So how’s that HealthCare.gov working out for you? To hear Kathleen Sebelius, secretary of Health and Human Services, talk, the website is just humming along and everything is peachy. (I’m sure all Americans breathed a sigh of relief when they found out the Obamacare enrollments would continue unhindered during the Great American Shutdown of 2013.)

Sebelius joined a panel at the Columbus Metropolitan Library this week to discuss Obamacare’s impact in Ohio. She said her trip to the state was part of the “final phase” of implementing the law. I thought the final phase was when you gave your grandma the pain pill instead of  letting her have the heart operation, but maybe that’s the final final phase of Obamacare.

Anyway, the HealthCare.gov website has been widely criticized since its October 1st launch with complaints of long wait times, crashes, buggy architecture, and security concerns. Sebelius addressed some of those concerns during the panel in Columbus.

“There is no question the website had a rocky start and I am first to say we wish it could have been a lot smoother from day one,” Sebelius said. “I can tell you it’s a whole lot better today than it was two weeks ago and HealthCare.gov, the website, is up and running. It will get better each and every day.”

Sebelius defended the decision not to delay the launch of the obviously not-ready-for prime-time website. “I think people have waited for decades for affordable health care,” she said. “We had a responsibility to get that product to them as quickly as possible. Waiting for another season would be totally unfair to those who have been desperate for affordable health care.” The subtle message seems to be that it’s better — more fair, even — to have crappy government services that don’t actually work than no services at all. This is the best we can aspire to in America in 2013.

Kathleen Sebelius testifies before a House Education and the Workforce Committee hearing on Capitol Hill in Washington

Sebelius blamed the problems on the popularity of the new healthcare exchanges: “I think it shows there’s pent-up demand.” Sebelius said they would not have been able to identify all the bugs in the system “unless millions of people flooded the marketplace.” Pent-up demand? Pent-up demand is when your team hasn’t been to the World Series in 50 years and tickets go on sale at midnight and 100,000 people flood the Ticketmaster website at the exact same moment to get a coveted ticket. Or on Black Friday after Thanksgiving when Walmart offers a great deal on the latest TV model and shoppers trample one another to be the first to the electronics section.

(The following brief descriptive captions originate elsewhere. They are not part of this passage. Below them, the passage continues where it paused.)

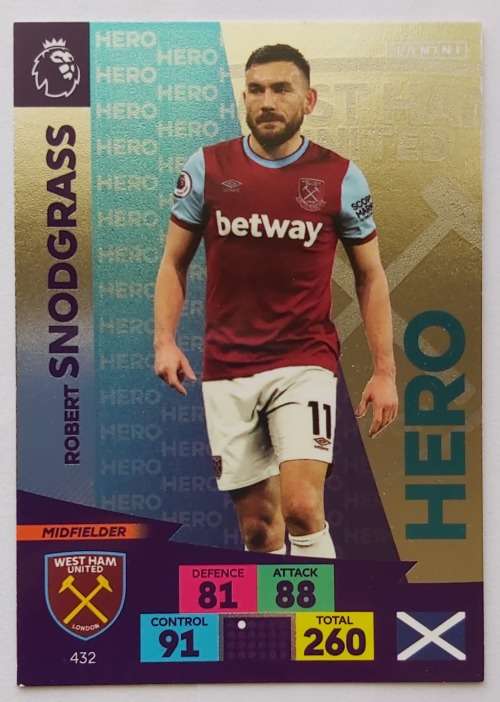 RICHARD SNODGRASS - ENGLISH PREMIER LEAGUE 20202021 - SILVER FOIL `HERO` TRADING CARD 432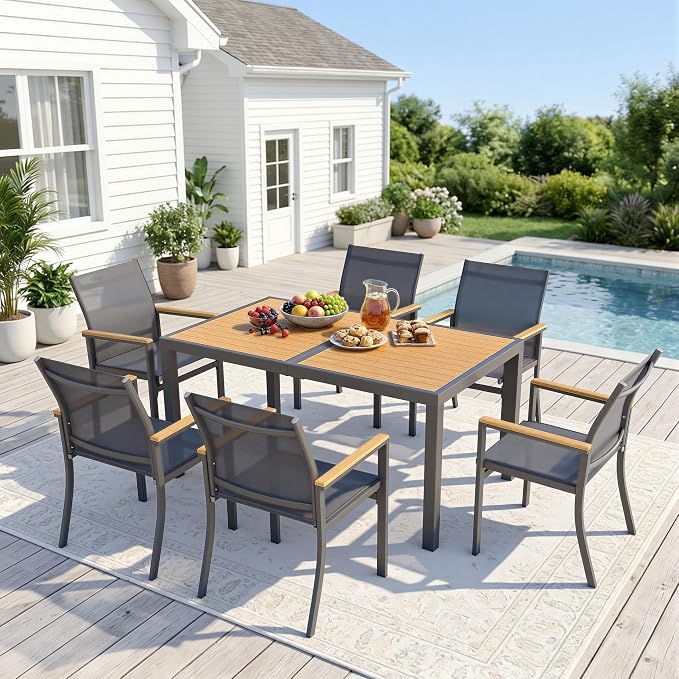 7-Pieces Aluminum Patio Table and Chairs for All-Weather, Patio Table Set with Heavy Duty HDPS Rectangular Table, Outdoor Patio Dining Furniture Set with Breathable Quick-Drying Textilene Chairs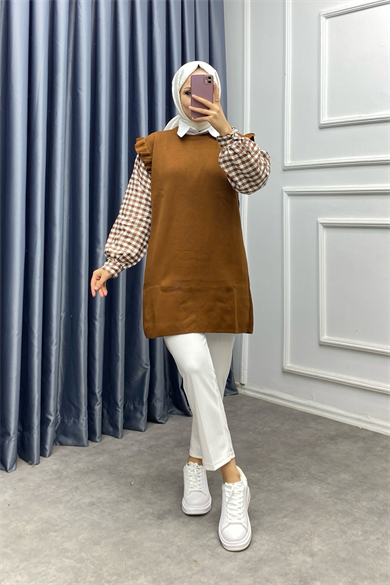 Kolları Kareli Triko Tunik 
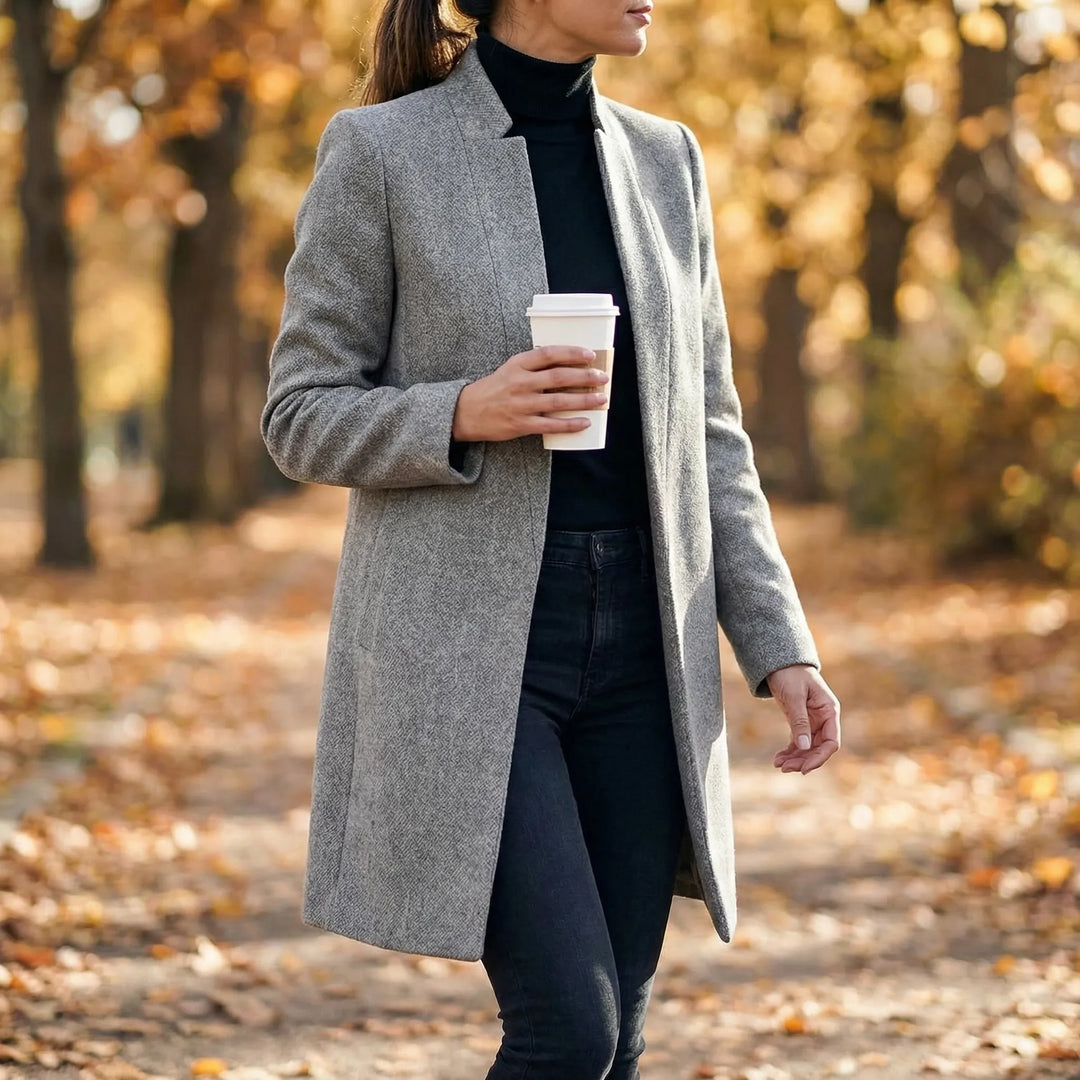 Claroven - Long Structured Button-Front Coat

I don’t know about where you live, but here in Ohio, people are not trampling one another to sign up for their forced government health insurance.

According to an internal government memo obtained by the Associated Press, HHS expected 13,300 Ohioans to enroll by the end of the first month. But CareSource, an Ohio insurer, told the Columbus Dispatch that though it has enrollees from six different regions of the state, the company has only seen “double-digit” enrollment to date.

Sebelius said the system had been pressure-tested at five times the highest volume that the Medicare.gov website had ever seen.

The Washington Examiner reported that a person familiar with the project, who spoke on condition of anonymity, said the Obamacare website project suffered from “top-level management disarray, changing systems requirements and recurring delays.”

The root cause of the problems was a pivotal decision by Centers for Medicare and Medicaid Services officials to act as systems integrator, the central coordinator for the entire program. Usually this role is reserved for the prime information technology contractor.

As a result, full testing of the site was delayed until four to six days before the fateful Oct. 1 launch of the health care exchanges, the individual said.

IT experts have said that the problems cannot be attributed to overloaded systems alone, as Sebelius and others have asserted.

Jyoti Bansal, the founder of AppDynamics, told the Washington Post,

“That seems like not a very good excuse to me. In sites like these there’s a very standard approach to capacity planning. You start with some basic math. Like, in this case, you look at all the federal states and how many uninsured people they have. Out of those you think, maybe 10 percent would log in in the first day.” Bansal said that you model for the worst case scenario to “come up with your peak of how many people could try to do the same thing at the same time.”

Bansal added, ”It’s a bug in the system, a coding problem.”

wrote about my difficulties logging onto the site a few days after its launch. In addition to the long wait times, I experienced problems with the password and login and pages that led to nowhere. I decided to try again today to see if it is “a whole lot better today than it was two weeks ago,” as Sebelius claimed.

While I didn’t have to wait in line to get to the login page this time, once I entered my login and password, I was taken to this page:


Don’t see it? That’s because the HealthCare.gov site is not actually working “a whole lot better today than it was two weeks ago.” Once again, it led me down a rabbit hole of white nothingness. I wonder if those individuals Sebelius described as “desperate for affordable health care” are faring better than I did this week.